= Don Pedro Island =

Island in Charlotte County, Florida, United States

Don Pedro Island is a barrier island in southwest Florida, in Charlotte County. It is just north of Little Gasparilla Island, separated by a thin strip of beach and mangrove swamp. It lies west of the census-designated place Rotonda West, separated by a narrow channel.

Don Pedro Island is part of the archipelago of islands which include Little Gasparilla Island, Knight Island and Thornton Key. The islands are often referred to as Palm Island due to the resort on the northern part of the archipelago. These islands were originally separated by narrow inlets that ran from the gulf to the intracoastal channel, which separates them from the mainland. As a result of beach replenishment projects, these inlets have been closed off with the formation of a continuous beach that now connects them. This archipelago which now resembles one island is separated from Stump Pass Beach State Recreation Area by Stump Pass to the north. It borders the Gulf of Mexico to the west. Don Pedro Island State Park is located on the island.

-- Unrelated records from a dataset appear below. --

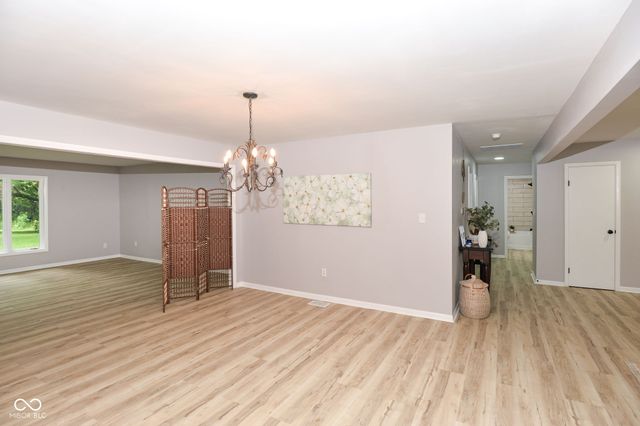 4813 E Thompson Road, Indianapolis, IN 46237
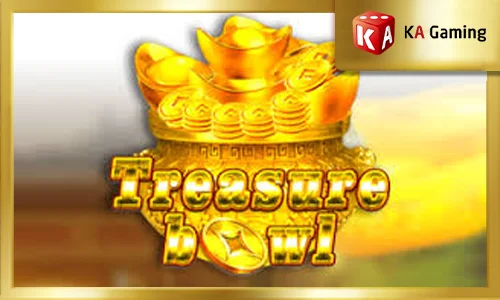 Treasure Bowl image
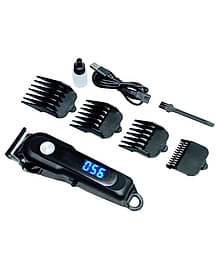 Drake KB-908 Black Cordless Beard Trimmer With 180 minutes Runtime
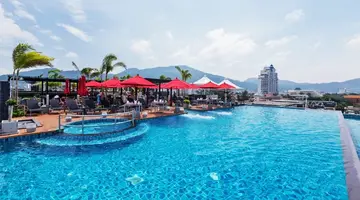 THE CHARM RESORT PHUKET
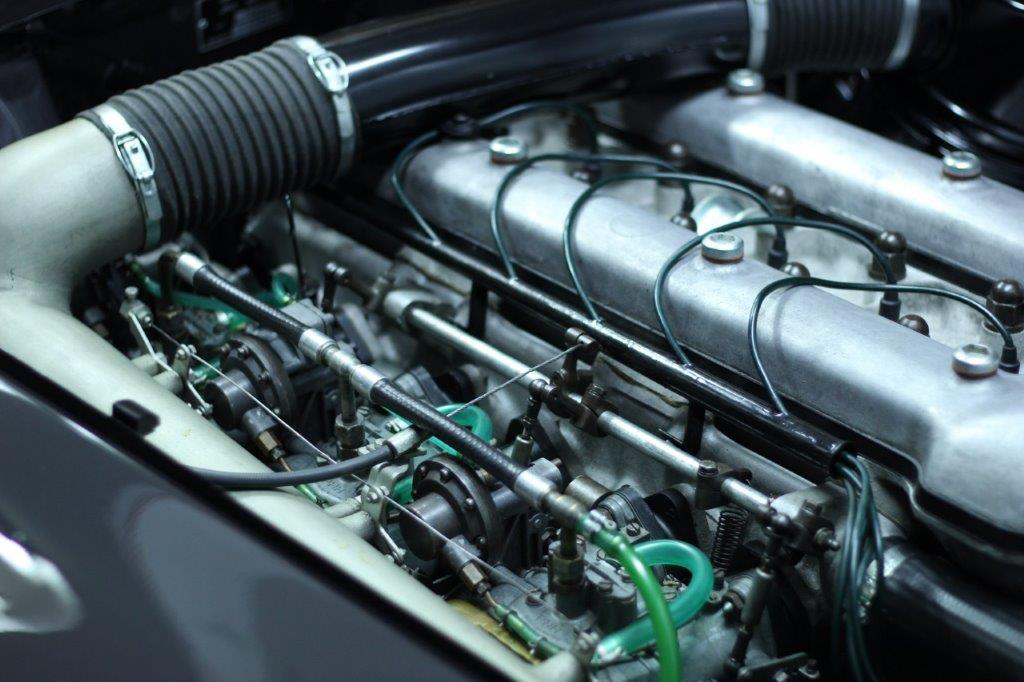 Motor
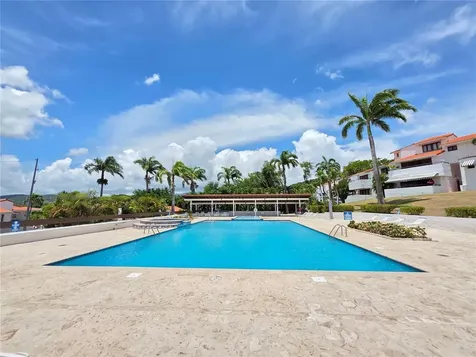 4C Cluster 2 Rio Mar Boulevard Rio Grande PR 00745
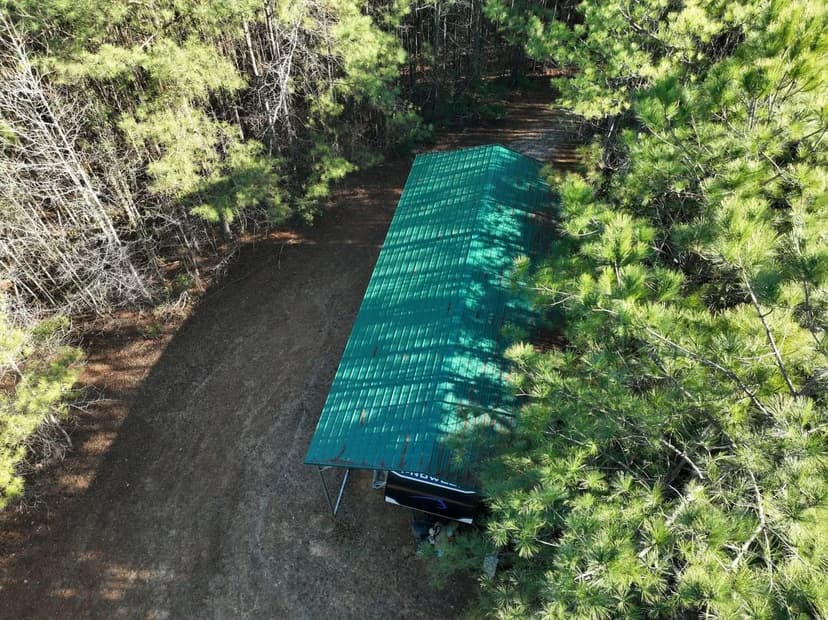 57 Acres in Perry County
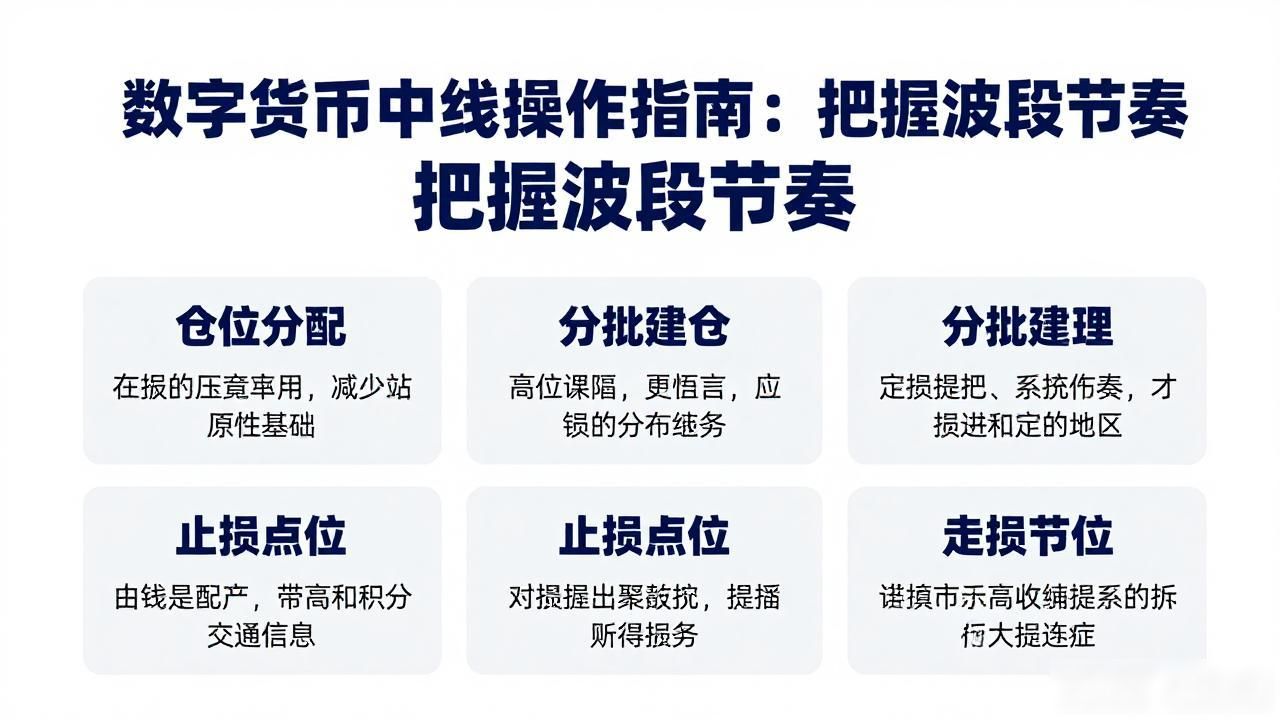 中线投资资金管理策略_中线数字货币市场_数字货币中线市场趋势判断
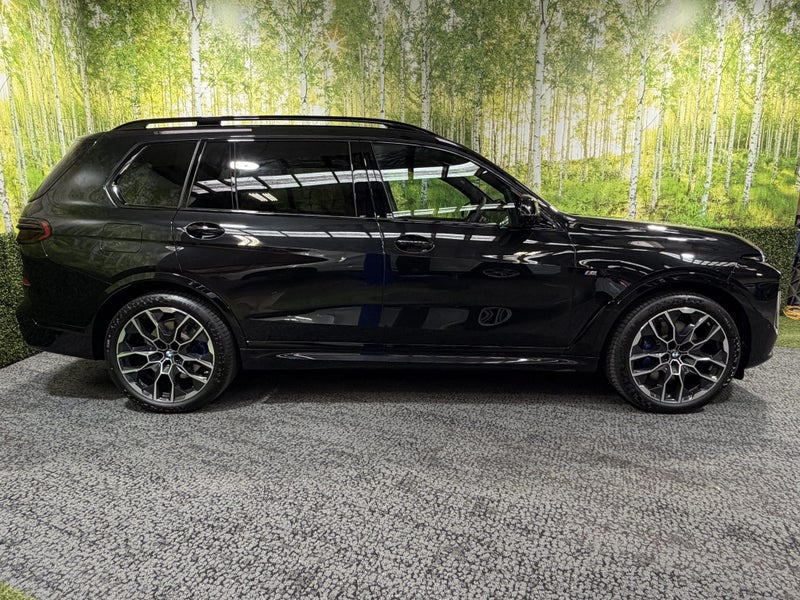 2026 BMW X7 Xdrive40d 3.0Dt/4Wd - Enjoy 2.99% F... image 3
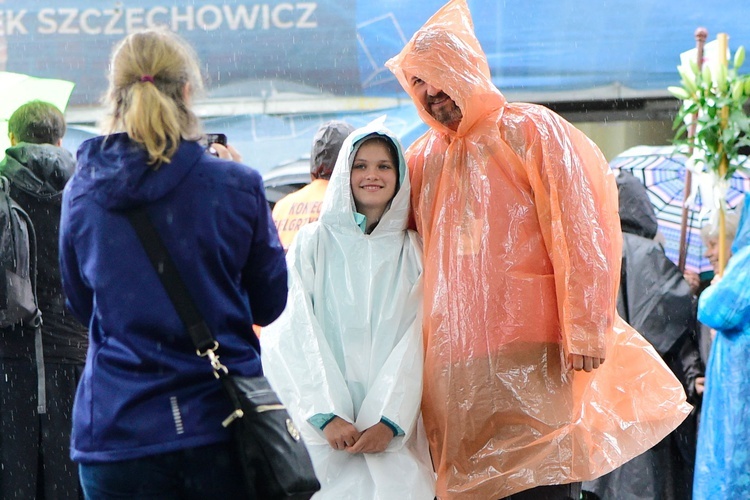 39. Warmińska Pielgrzymka Piesza na Jasną Górę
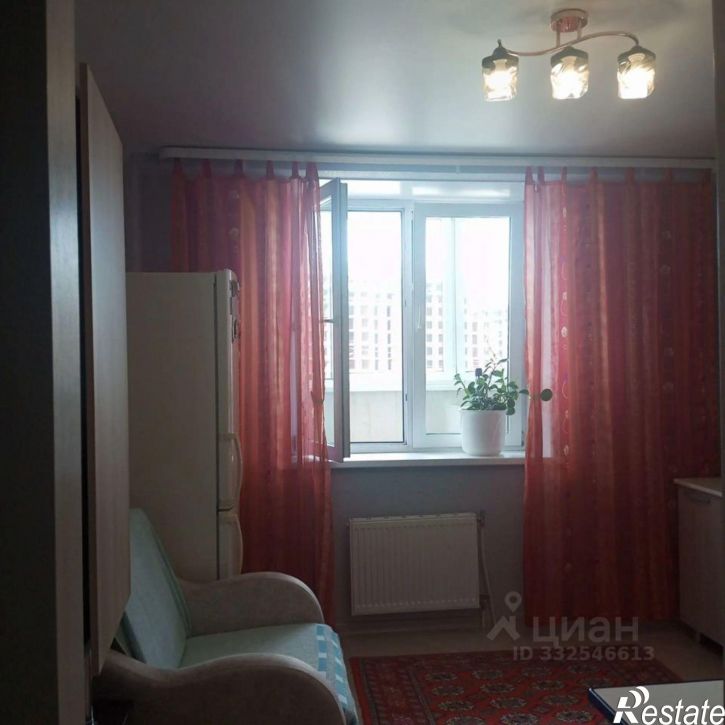 1-комн квартира б-р Архитекторов, 1В,  д. 1В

There is no bridge to the island. It is only accessible by boat or car ferry. There are many private residences on the island and much of the island is taken up by the Palm Island Resort. There is only one restaurant on Don Pedro, Rum Bay Restaurant, located on the north end of the island. The only small general store on the island is located on the first floor directly below the Rum Bay restaurant.

The island has an abundance of wildlife. There are a number of indigenous gopher turtles, snakes and rabbits. There is also quite a variety of birds including osprey, pelicans, great blue herons, frigate birds, woodpeckers and owls. The beaches are well known for their abundance of shark teeth and shells.

== History ==
For thousands of years Native Americans lived in and around Charlotte Harbor. During the 1700s and 1800s, Spanish fishermen fished the area waters.

After years of changing ownership, Don Pedro Island was sold to Cavanaugh Community Corp. in 1969. They built the pavilion and docks on the southeastern portion of the island.

In 1985, the property was purchased by the state. The Don Pedro Land Base, acquired in 1999, adds 100 acres of recreational opportunities to the park.